(4 August 2025 – Australia) National Australia Bank posted its highest-ever month of business lending in June as the new boss of the division, Andrew Auerbach, fends off competition from Commonwealth Bank.
In the intensely competitive business lending space, NAB has restored its market share to the highest level in 12 months, following an aggressive push into the market by CBA business banking head Mike Vacy-Lyle, according to data released by the Australian Prudential Regulation Authority on Thursday.
NAB wrote $4.5 billion of new loans in June, at an average of $225 million each weekday, surpassing the previous highest month, June 2021.
It also recorded solid business lending growth in May after stuttering in the first few months of the year.
Growth in June was strongest in the agriculture, construction, commercial real estate and accommodation sectors, and from small and medium-sized businesses, the bank said.
A former colleague of NAB chief executive Andrew Irvine at the Bank of Montreal in Canada, Auerbach started in the role on June 16.
NAB’s market share in business lending has risen to 21.7 per cent at the end of June, up from 21.3 per cent at the start of the calendar year. Its gains have been the strongest of the big four banks over the past three months, but it has lost ground to CBA and Westpac over the past year.
Westpac has hired a new head of business banking, Paul Fowler, who took the reins in May after arriving from CBA. Westpac has also grown business lending at a faster rate than the average of the market over the past three months.
“Business banking, in our view, remains a growth vector for the Australian banking sector, and NAB is well-placed to benefit from this despite recent market share losses,” said UBS analyst John Storey on Thursday. “Digital lending should drive improved efficiency and client outcomes.”
During a briefing with analysts and investors on Wednesday, which he dialled in to from Darwin, where he was visiting clients, Auerbach said NAB was in a strong position to accelerate its strategy.
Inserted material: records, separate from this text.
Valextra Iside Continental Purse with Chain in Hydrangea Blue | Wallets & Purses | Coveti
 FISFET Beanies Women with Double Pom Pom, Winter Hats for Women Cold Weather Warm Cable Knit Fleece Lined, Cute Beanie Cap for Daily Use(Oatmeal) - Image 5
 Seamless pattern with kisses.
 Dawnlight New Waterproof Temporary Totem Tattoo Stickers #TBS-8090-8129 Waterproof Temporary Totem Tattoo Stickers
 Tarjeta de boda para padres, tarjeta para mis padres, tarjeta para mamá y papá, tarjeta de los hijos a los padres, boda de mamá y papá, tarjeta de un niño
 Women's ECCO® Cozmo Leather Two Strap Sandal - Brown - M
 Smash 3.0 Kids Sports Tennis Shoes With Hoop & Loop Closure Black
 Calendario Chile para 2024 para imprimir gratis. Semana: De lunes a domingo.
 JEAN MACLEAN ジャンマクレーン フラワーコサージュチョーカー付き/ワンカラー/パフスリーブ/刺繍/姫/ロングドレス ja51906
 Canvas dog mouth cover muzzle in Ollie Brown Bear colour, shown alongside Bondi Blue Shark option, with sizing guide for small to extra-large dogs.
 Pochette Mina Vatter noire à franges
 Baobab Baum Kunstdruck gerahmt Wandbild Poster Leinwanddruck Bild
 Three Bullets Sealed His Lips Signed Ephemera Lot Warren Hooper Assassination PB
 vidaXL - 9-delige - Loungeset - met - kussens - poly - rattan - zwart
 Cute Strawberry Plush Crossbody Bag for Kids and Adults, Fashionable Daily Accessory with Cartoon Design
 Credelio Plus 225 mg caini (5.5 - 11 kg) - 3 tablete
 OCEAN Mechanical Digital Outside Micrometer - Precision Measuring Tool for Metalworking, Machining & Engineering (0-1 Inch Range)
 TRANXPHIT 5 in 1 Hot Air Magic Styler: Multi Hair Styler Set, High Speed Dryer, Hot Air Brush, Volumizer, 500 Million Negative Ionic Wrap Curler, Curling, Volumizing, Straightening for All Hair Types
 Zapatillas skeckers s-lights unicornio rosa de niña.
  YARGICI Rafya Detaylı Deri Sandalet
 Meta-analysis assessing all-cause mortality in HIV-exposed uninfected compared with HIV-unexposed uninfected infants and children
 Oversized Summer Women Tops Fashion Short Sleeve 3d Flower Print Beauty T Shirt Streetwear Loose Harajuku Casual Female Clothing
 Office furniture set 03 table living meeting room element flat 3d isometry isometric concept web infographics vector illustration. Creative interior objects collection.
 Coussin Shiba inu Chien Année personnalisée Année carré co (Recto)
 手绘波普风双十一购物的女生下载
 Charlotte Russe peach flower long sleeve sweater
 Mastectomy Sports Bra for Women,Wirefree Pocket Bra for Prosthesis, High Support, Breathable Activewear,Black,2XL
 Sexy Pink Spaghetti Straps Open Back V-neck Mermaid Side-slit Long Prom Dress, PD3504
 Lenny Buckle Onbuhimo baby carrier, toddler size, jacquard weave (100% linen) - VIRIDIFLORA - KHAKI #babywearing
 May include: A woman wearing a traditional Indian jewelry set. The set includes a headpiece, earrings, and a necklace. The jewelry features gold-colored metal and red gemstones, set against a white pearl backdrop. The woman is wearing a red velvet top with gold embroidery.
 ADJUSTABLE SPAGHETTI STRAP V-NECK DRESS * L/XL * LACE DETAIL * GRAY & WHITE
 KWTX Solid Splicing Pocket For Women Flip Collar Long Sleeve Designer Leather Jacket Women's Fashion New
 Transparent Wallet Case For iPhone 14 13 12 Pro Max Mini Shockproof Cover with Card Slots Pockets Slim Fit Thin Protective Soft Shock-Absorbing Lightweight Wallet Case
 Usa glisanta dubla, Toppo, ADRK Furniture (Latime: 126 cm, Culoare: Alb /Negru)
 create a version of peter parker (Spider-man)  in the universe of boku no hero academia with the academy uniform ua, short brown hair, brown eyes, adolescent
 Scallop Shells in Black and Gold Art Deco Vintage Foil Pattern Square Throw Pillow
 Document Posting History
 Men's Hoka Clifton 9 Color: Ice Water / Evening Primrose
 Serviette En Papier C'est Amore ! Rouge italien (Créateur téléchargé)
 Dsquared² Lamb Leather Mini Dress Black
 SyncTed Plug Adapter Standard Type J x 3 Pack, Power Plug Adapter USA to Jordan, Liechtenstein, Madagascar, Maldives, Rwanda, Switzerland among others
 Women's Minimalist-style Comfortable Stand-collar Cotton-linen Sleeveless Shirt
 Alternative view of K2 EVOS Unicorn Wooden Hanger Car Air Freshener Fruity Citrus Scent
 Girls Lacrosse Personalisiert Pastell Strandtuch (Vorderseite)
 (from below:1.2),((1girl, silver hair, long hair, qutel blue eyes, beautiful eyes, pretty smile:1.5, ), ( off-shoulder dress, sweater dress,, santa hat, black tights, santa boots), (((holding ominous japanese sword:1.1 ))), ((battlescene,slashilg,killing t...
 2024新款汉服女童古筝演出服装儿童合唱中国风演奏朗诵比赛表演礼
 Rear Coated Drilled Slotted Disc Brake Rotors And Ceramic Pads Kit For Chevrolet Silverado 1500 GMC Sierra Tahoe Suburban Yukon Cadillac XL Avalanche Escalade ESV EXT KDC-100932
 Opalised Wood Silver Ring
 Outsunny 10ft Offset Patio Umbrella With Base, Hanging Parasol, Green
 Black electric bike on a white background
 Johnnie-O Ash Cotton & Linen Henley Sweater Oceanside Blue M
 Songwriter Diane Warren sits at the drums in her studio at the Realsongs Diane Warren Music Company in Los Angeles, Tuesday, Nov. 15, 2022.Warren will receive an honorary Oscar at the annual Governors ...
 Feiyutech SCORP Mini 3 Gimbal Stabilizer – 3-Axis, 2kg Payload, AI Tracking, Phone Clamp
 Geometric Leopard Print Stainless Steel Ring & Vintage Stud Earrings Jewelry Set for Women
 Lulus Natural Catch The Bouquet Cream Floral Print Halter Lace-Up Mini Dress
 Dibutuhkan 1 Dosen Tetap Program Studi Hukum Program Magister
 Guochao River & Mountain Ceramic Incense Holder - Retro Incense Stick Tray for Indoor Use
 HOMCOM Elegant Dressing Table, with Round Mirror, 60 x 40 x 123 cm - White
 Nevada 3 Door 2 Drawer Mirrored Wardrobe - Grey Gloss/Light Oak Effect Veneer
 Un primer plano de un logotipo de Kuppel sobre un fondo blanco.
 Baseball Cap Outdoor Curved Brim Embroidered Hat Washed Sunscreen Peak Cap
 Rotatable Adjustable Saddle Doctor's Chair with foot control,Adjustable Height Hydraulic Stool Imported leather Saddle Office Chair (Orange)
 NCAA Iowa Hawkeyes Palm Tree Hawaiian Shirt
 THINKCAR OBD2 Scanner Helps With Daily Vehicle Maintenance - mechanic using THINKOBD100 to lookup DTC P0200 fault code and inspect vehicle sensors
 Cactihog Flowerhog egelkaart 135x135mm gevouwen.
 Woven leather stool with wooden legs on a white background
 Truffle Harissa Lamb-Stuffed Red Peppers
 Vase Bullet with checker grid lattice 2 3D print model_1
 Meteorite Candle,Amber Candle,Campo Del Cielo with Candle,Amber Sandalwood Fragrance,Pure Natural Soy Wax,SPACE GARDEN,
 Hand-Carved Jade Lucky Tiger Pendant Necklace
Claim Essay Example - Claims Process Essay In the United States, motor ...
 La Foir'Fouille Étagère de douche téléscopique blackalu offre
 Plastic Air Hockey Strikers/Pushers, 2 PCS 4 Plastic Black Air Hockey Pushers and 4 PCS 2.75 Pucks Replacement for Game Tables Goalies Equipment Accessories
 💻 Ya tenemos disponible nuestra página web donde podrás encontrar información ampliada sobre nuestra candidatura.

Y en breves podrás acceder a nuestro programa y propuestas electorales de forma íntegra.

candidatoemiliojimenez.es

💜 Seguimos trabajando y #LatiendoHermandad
It planned to make more automated lending decisions using a new technology platform.
But he also emphasised the importance of long-term, personal client relationships. At the Bank of Montreal, he encouraged staff to “work across teams rather than in silos”, he said, and pushed management to “take work away from our bankers, to make it simpler for them to look after their customers”.
NAB has a “strong pipeline of lending opportunities that we’re seeing pull through over the past few months,” he said. “We’re focused on continuing to build on this momentum and deliver for our customers.”
NAB will issue a third-quarter trading update on August 18. Analysts are cautious after a tough period for the bank, which included chief financial officer Nathan Goonan announcing his departure to Westpac and some investors raising concerns about Irvine’s leadership style.
One investor, who attended the briefing this week, said the market would need more time to assess Auerbach.
“It is early days, and he is still getting his head around the business and seeing customers,” the fund manager said. “He laid out his credentials and working history, which were pretty dry. There was not a lot to go on.”
Analysts expect NAB to report a 4 per cent drop in cash profit for the third quarter compared to its quarterly average over the first half. Its margin is expected to be slightly down and revenue flat.
“We think non-performing loans and the loan loss charge will rise in the third quarter, and commentary will remain measured,” Morgan Stanley analyst Richard Wiles said. “However, we don’t think there will be any significant adverse surprises on credit quality.”